_AIM OF THE EXERCISE:_ Repeat exactly the lines that begin at the one containing "282 Tuckasee-King Rd, Clyo, GA" and end at the final line of the records; include no pictures and nothing else.

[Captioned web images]
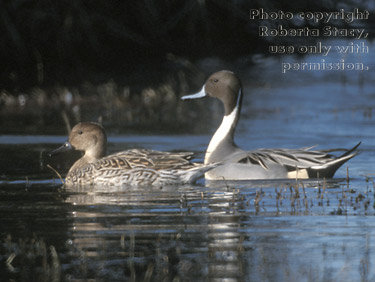 northern pintails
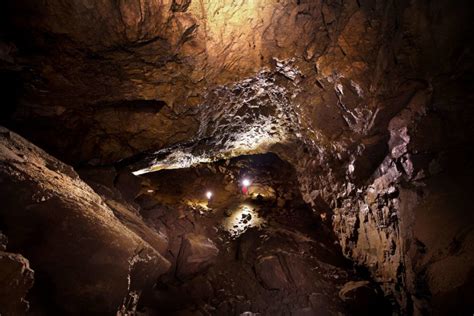 Inside Alberta's biggest bat cave | CBC News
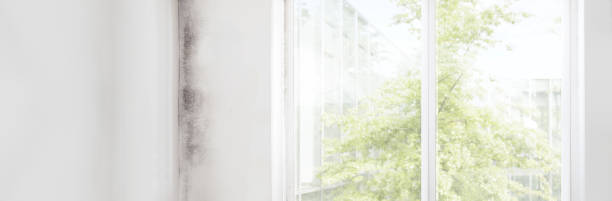 Best Attic Mold Removal  in Yuma, AZ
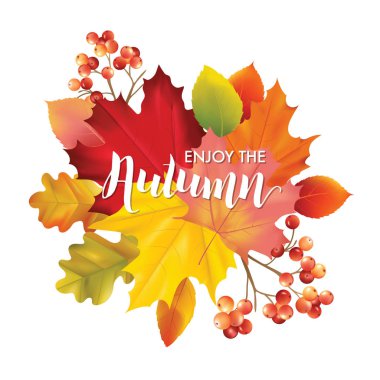 Renkli kart veya afiş metin için yer ile vektör yaprak ile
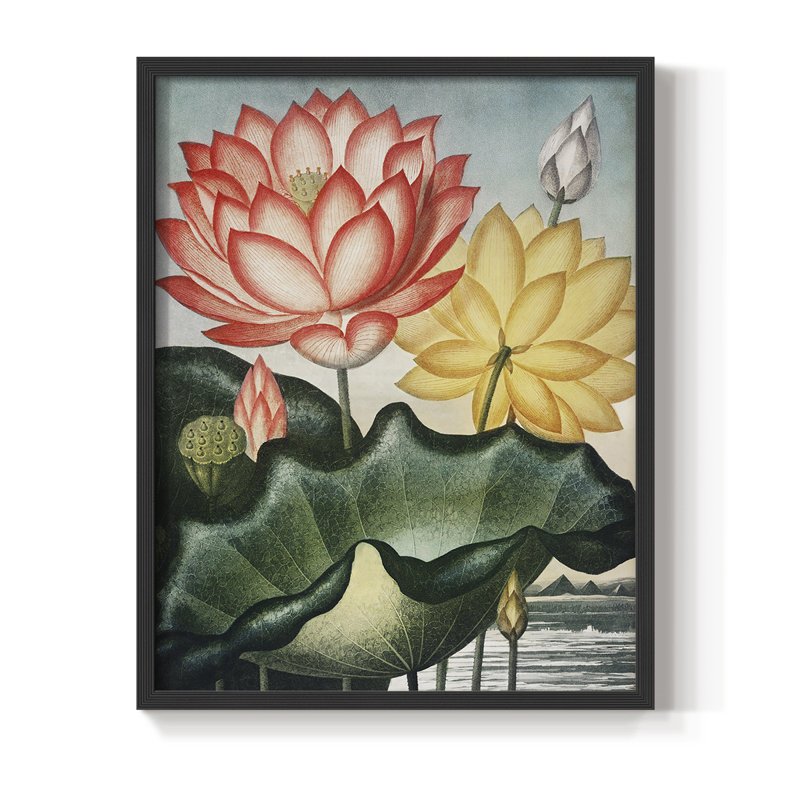 Temple of Flora V, reproduction encadrée - bois massif, Noir, H 10 po x l 8 po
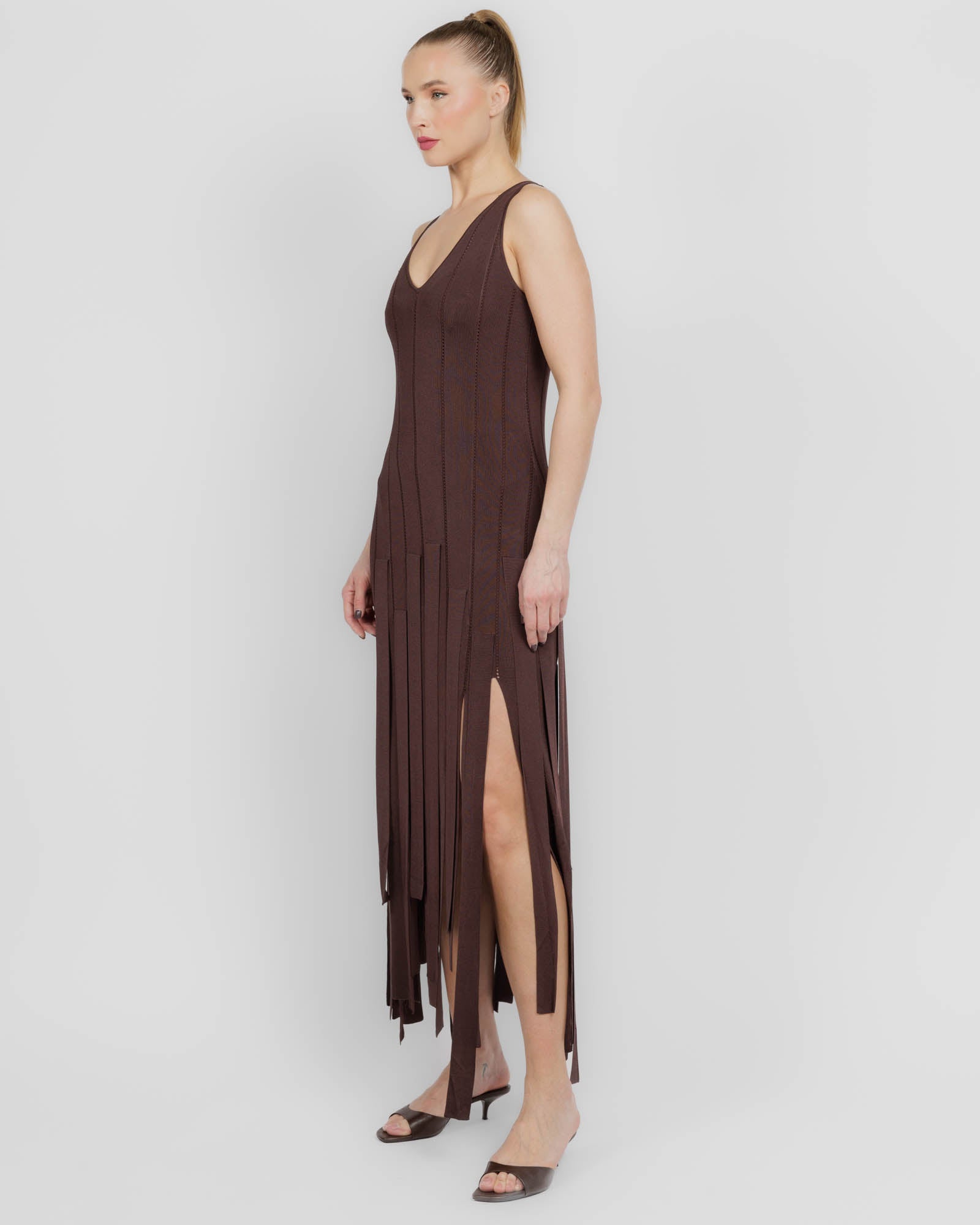 Luna Fringe Dress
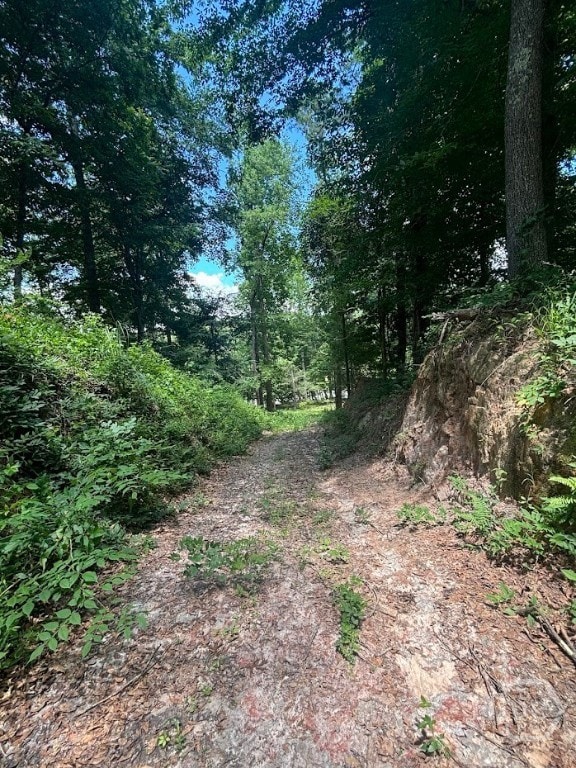 282 Tuckasee-King Rd, Clyo, GA 31303 - photo 5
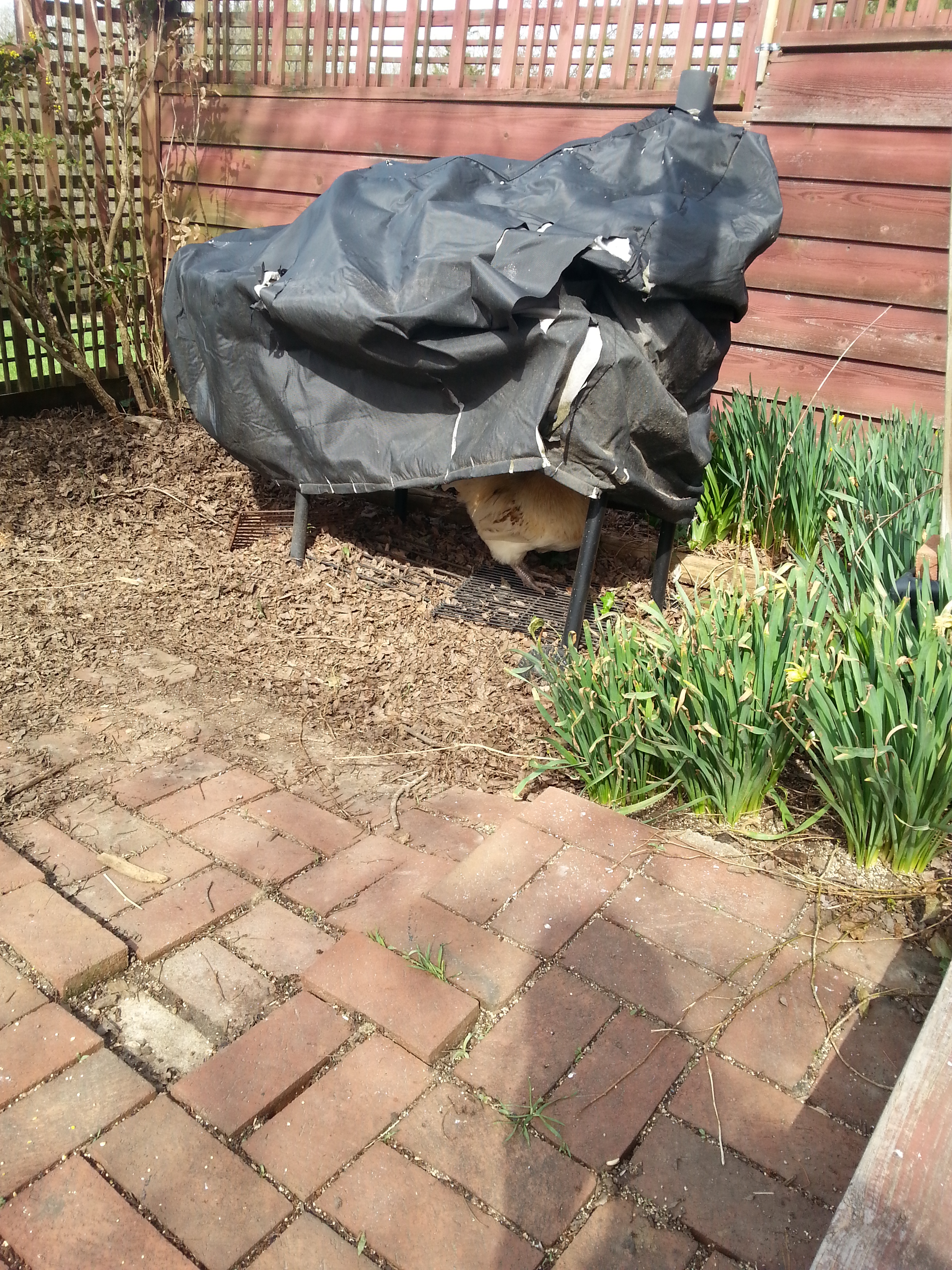 "No one can see me now. I am one with the smoker."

_ANSWER TO THIS PROBLEM:_
 282 Tuckasee-King Rd, Clyo, GA 31303 - photo 5
 "No one can see me now. I am one with the smoker."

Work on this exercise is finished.